1. I’ve come to realize that my chest-size. . .
...is average.

(Obviously, these questions were written by a straight man and first given to a woman. A rather buxom woman, I would imagine. Probably Dagmar.)

2. I’ve come to realize that my job. . .
...is the combination of so many different tasks (large and small) that each day is sort of like juggling two bowling pins, a bowling ball, three machetes, four flaming batons and a Jonas Brother. All at the same time.

3. I’ve come to realize that when I’m driving. . .
...and try to park in this son of a bitch of a city, that I don't miss having a car. At all.

4. I’ve come to realize that I need. . .
...a best friend. Not that I don't have good friends, but if I spend one more entire weekend alone in my apartment, I just might go bonkers.

5. I’ve come that realize that I have lost. . .
...what little ambition and drive I had.

6. I’ve come to realize that I hate it when. . .
...people talk on their cell phone on the bus. Even faintly. It annoys me.

Every time I'm near a person on the bus talking on their phone, I want to recreate the scene from the episode of Sex and the City where a business man bumps into Carrie on the street and doesn't stop or apologize, which causes Carrie to scream in his direction, "Oh, you're SO busy! You're SO BUSY!!!"

7. I’ve come to realize that if I’m drunk. . .
...9 times out of 10, tequila has been involved.

8. I’ve come to realize that money...
...is worthless. It can't make people love you, can't bring your loved ones back when they're gone, and it will never equal the happiness you get from your memories. A dinner with friends, a late night laugh on the phone or a perfect kiss with a sweet man beats a million bucks any day.

9. I’ve come to realize that certain people. . .
...are happy just the way they are and nothing I can do will change them.
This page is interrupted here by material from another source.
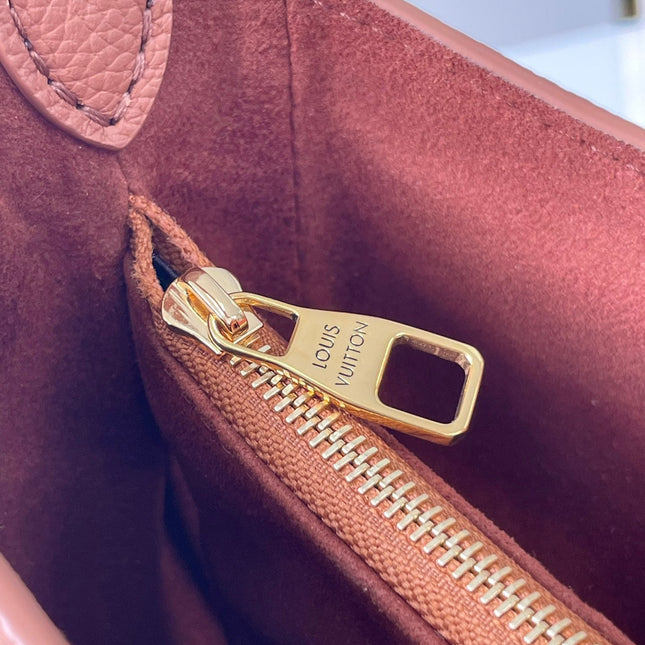 LOW KEY SHOULDER BAG 26 IN COGNAC GRAINED CALFSKIN GOLD BUCKLE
Usually, these are the men I'm attracted to because they have fucked up lives and are sometimes wonderful to me and sometimes distant and downright cruel. Yet, I can see the wonderful person on the inside, and I think, "I can help them be happy and then, I can be happy with them." But they are happy. And I need to move on.

10. I’ve come to realize that I’ll always. . .
...be single. Probably. The older I get, the more apparent that has become.

11. I’ve come to realize that my sibling(s). . .
...love me.

12. I’ve come to realize that my mom…
...is the strongest, most resilient person on the planet. Even though she thinks of herself as weak and extremely breakable. Why do Southern women always underestimate their strength and their potential for incredible change?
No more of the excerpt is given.